OT: Incurable pedantry (Was: Emphasis on proper address...)
amiabledorsai
amiabledorsai at yahoo.com
Mon Jun 27 01:58:11 UTC 2005
No: HPFGUIDX 131485
--- In HPforGrownups at yahoogroups.com, "jlv230" <jlv230 at y...> wrote:
> > > Dung:
> > > Absolutely no offence meant, but there is NO SUCH WORD AS
> > > IRREGARDLESS. You mean irrespective or regardless.
> > > Sorry. I'll get me coat.
> >
> > Amiable Dorsai:
> > Sure there is: it's right here in my "Webster's New International
> > Dictionary" (2nd ed.)--right between "irrefutability" and
> > "irregeneracy". Webster doesn't seem to care for it much, but
> > there it is.
> >
> > Of course, you have an unalienable right to your opinion.
>
> Ah, a descriptivist, prescripivist debate.
<Snip a lot of interesting stuff>
> "[A] The word is thoroughly and consistently condemned in all
> American references I can find. But it's also surprisingly common.

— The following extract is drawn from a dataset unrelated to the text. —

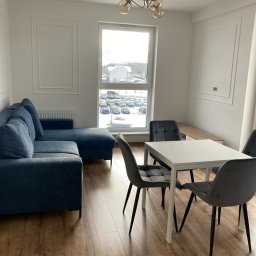 Wykończenie wnętrz Wiktor Buczyński - Jasne wnętrze: narożnik w odcieniach niebieskiego, stół z krzesłami na drewnianej podłodze. W tle okno z widokiem na parking i budynek. Minimalistyczny design.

> It's formed from regardless by adding the negative prefix ir-; as
> regardless is already negative, the word is considered a logical
> absurdity.
I tend toward the prescriptivist viewpoint myself. I mostly wanted to
make the "unalienable right" joke (which is probably only funny to an
American, and not all of us). I don't care for "irregardless", either.
But it's way too late in the day to demand consistent logic from English.